GENEL KURUL KONUŞMASI
Konu: Başbakanlığın, Türkiye Büyük Millet Meclisinin 21/7/2016 tarihli ve 1116 sayılı Kararı'yla ülke genelinde ilan edilen ve 17/7/2017 tarihli ve 1154 sayılı Karar'ı uyarınca devam etmekte olan olağanüstü hâlin, 19/10/2017 Perşembe Günü Saat 01.00'den geçerli olmak üzere üç ay süreyle uzatılmasına ilişkin tezkeresi (3/1199) münasebetiyle
Yasama Yılı:3
Birleşim:9
Tarih:17.10.2017

AK PARTİ GRUBU ADINA HAMZA DAĞ (İzmir) - Sayın Başkan, değerli milletvekilleri; olağanüstü hâlin uzatılmasına ilişkin Başbakanlık tezkeresiyle ilgili olarak AK PARTİ Grubu adına söz almış bulunmaktayım. Hepinizi sevgiyle, saygıyla, muhabbetle selamlıyorum.

Konuşmamın başında dün şehit olan Furkan Aydın, İlhan Sezer, Seçkin Arıkan, Adem Gezer kardeşlerimize Allah'tan rahmet diliyorum.

Yine, Somali'de bir patlamayla şehit olan 300'den fazla kardeşimize Allah'tan rahmet diliyorum.

Milletvekillerimiz Deniz Baykal'a acil şifalar, Orhan Miroğlu'na da geçmiş olsun dileklerimi iletmek istiyorum.

Değerli Başkan, değerli milletvekilleri; bugün olağanüstü hâlin 5'inci kez uzatılmasıyla ilgili Başbakanlık tezkeresini konuşuyoruz. Olağanüstü hâl niye ilan edildi, nereden gerek oldu, aslında bunun sebebini ortaya koymadan bugünkü oturumun niye yapıldığını belki de dile getirmek çok da imkân dâhilinde olmayacak.

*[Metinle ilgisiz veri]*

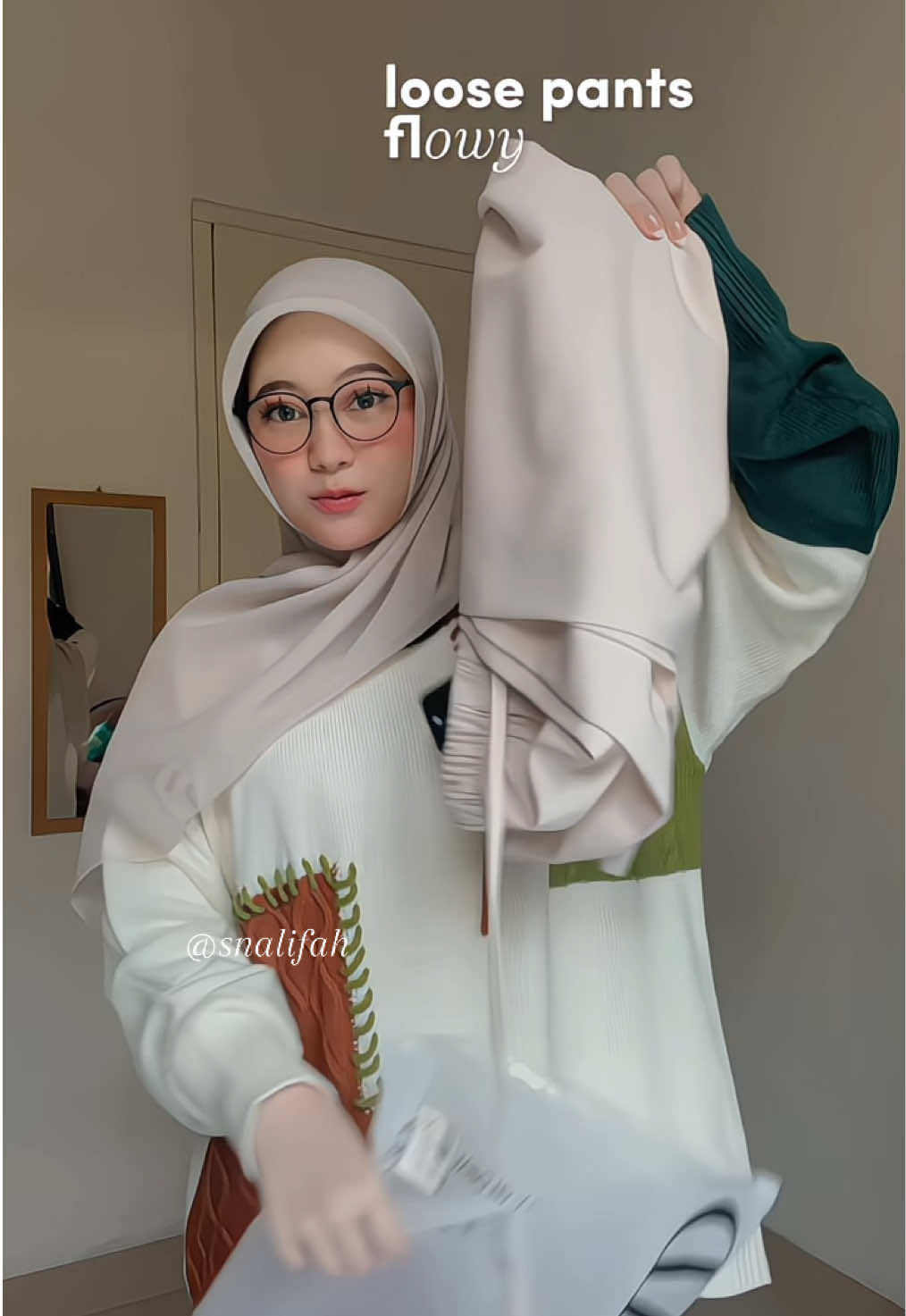 #OOTD #celanapanjang #loosepants 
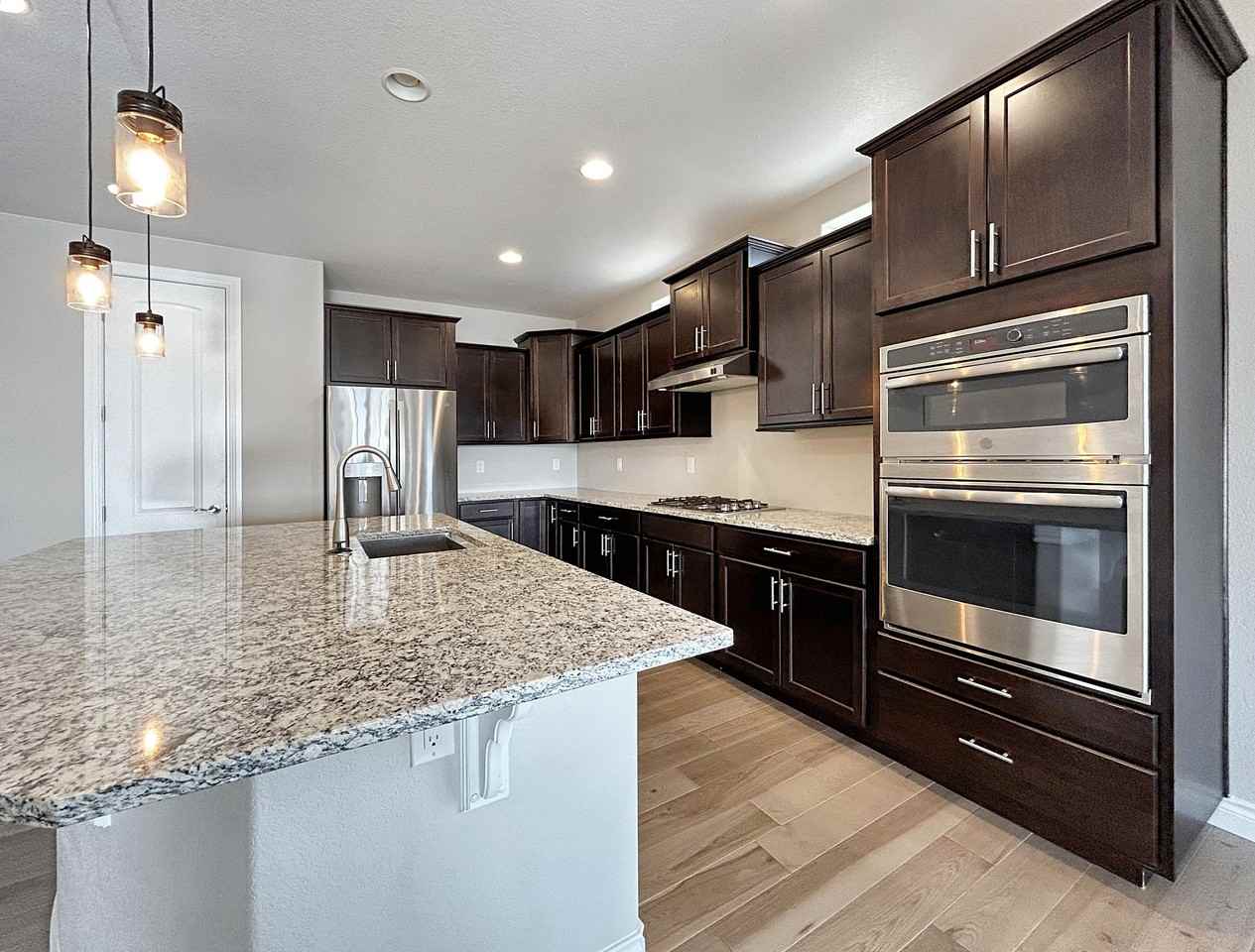 10084 Hannaway Dr - Photo 4 of 32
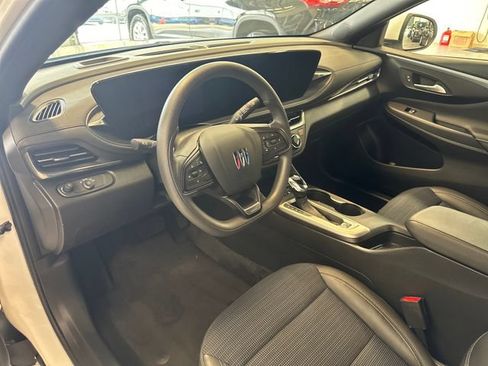 Used 2024 Buick Envista Preferred w/ Convenience II Package FWD image 21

15 Temmuz gecesini hepimiz yaşadık, buradaki milletvekili arkadaşlarımızın tamamı o geceyi yaşadı. Bir kısmımız Genel Kurul salonunda bunu yaşadı, bazılarımız meydanlarda o geceyi yaşadı. Tarihten bir kesitten bahsetmiyoruz 15 Temmuzdan bahsederken, 1500'lü yıllar, 1600'lü yıllar veya on yıl, on beş yıl öncesinin bir mevzusundan bahsetmiyoruz. Belki de o yıllarda dahi, insanlık tarihinin var olduğu sürece dahi böyle bir olay, böyle bir vaka insanlık tarihinde vuku bulmuş bir olay değil, bunu hepimiz kabul ediyoruz. Çünkü, kendi silahı ve bu ülkenin vergileriyle alınmış uçaklarla, helikopterlerle bu ülkenin insanlarına silah sıkan, bomba atan bir güruhtan, bu kadar kendi aklını, beynini bırakmış bir güruhtan bahsediyoruz.

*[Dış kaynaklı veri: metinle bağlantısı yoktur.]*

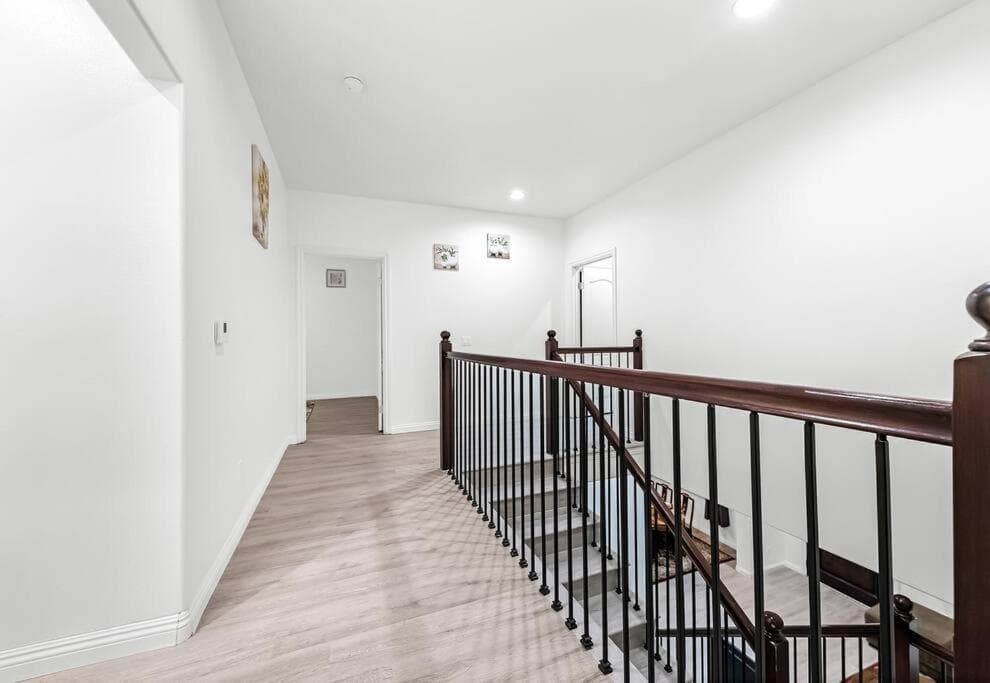 Spacious 5 BD Retreat between Disneyland and Universal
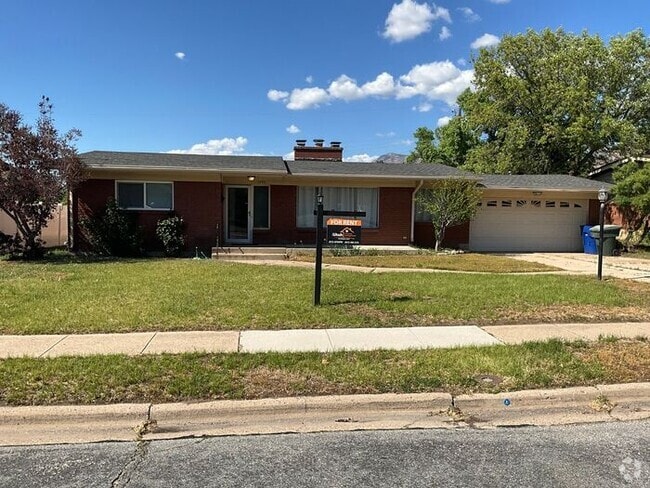 Building Photo - 3 bdrm 2 bath Home 2 car Garage small dog ...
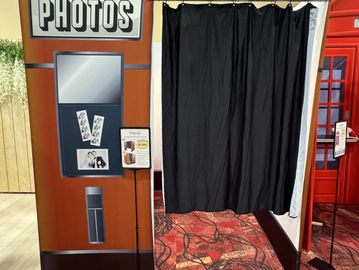 Enclose Photo Booth Hartford CT.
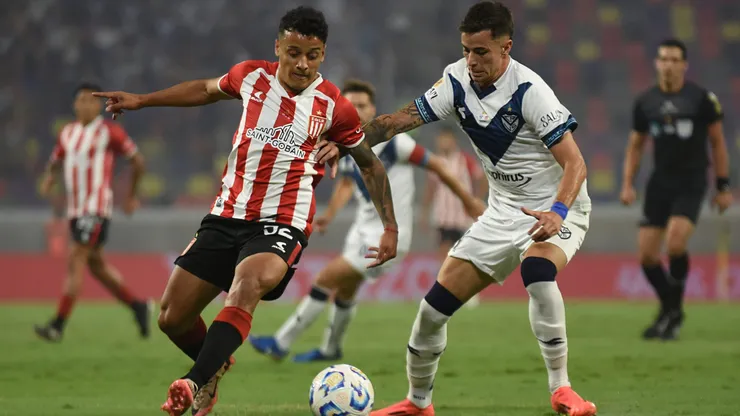 Tiago Palacios of Estudiantes battles for possession with Valentin Gomez of Velez Sarsfield during the Trofeo de Campeones match between Velez Sarsfield and Estudiantes at Estadio Unico Madre de Ciudades on December 21, 2024 in Santiago del Estero, Argentina.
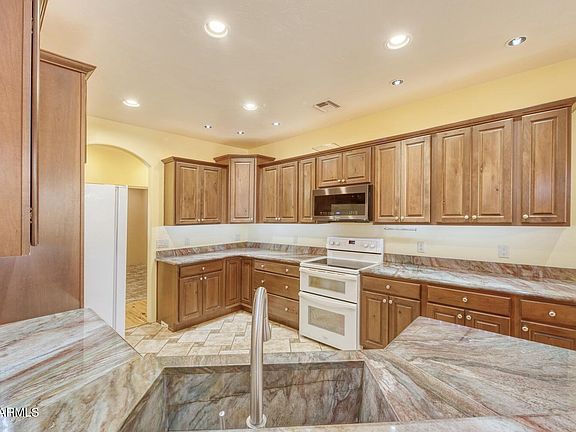 4th image of 452 N HIGGIE Lane #455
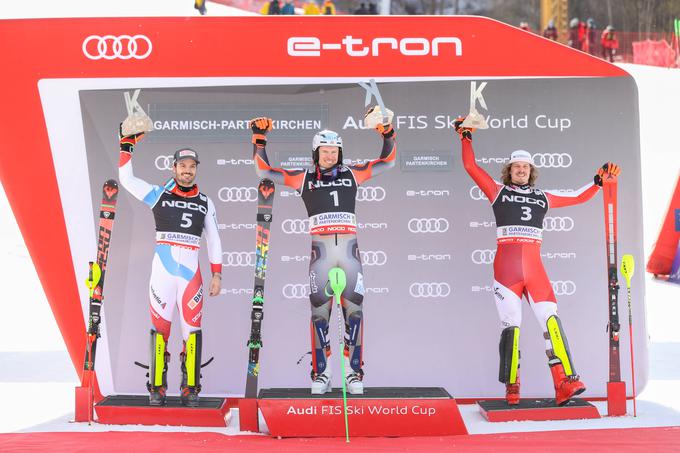 Norveškemu zmagovalcu sta družbo na stopničkah delala Švicar Loic Meillard in Avstrijec Manuel Feller. | Foto: Guliverimage/Vladimir Fedorenko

O gece, 15 Temmuz gecesinden, -saat dokuzdan itibaren sabaha kadar süren bir süreçti- Allah'a hamdolsun, 16 temmuz sabahı bir aydınlığa uyandık. 15 Temmuz gecesinde milletimiz, halk, bütün unsurlarıyla; Türk'üyle, Kürt'üyle, Laz'ı, Çerkez'i, Abaza'sı, Roman'ı, herkes meydanlara aktı, Meclisi korumaya geldi. 16 Temmuzda Meclisin önünü insanlar akın akın, hiç uyumadan, 15 Temmuzdan sonra hiç uyumadığı hâlde, yanında kardeşi vefat ettiği hâlde şu Meclisin bahçesini tıka basa doldurdu ve o gecenin neticesinde, aslında o güne kadar süren süreçte bir şeye karar vermek, artık bu hâle gelmiş bu örgütü, devletin içine sızmış bu örgütü ortadan kaldırmak gerekiyordu.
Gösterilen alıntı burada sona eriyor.